Monday, August 14, 2006

A Warning for the Georgia Coast

From Sunday's AJC:

Dissolved oxygen, the breath of life for shrimp, blue crabs, oysters and fish, is declining at an alarming rate. Within 10 years, Verity, a professor at the Skidaway Institute of Oceanography, predicts there won't be enough left for the sea life we love to eat. Those creatures will be replaced by jellyfish, which don't need as much dissolved oxygen and feed on the type of organisms that grow in a polluted estuary, he says.

Verity's already witnessed change. Between 1987 and 2000, his sampling showed a 70 percent increase in jellyfish.

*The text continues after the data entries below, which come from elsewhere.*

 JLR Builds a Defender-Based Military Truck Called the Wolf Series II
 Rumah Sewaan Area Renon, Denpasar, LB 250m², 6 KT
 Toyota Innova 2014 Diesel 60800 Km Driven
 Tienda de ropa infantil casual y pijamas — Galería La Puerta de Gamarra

Verity and other scientists who have researched similar changes worldwide say they can sum up the cause in a single word: people.

As more homes, condominiums, marinas and businesses are built on the coast, pollution increases in tidal creeks and estuaries. Treated sewage discharges and storm water runoff carry fertilizers from lawns, golf courses and farms and oil and other pollutants from pavement and rooftops.

"We need to stop what we're doing now and either mitigate or reduce [the impacts] because we're going downhill in a hurry," Verity said.

Personally, I don't eat any type of shellfish or other water scavengers. But a lot of people do. This sounds like it would have both an economic impact as well as an ecological impact.


Abacquer said...

The problem is that everything is connected, although you or I might not eat shellfish or water scavengers, other animals do. (Impacts like this at the low end of the food chain tend to dramatically affect everything above for starters.) All for the want of a horseshoe nail and all that...

Button Gwinnett said...

I agree. You can't just go around messing with ecological systems.

BTW, nice book review on "An Inconvenient Truth." I'll put that on my "to read" list. I would also recommend Discovery Channel's special with Tom Brokaw, "Global Warming: What You Need to Know."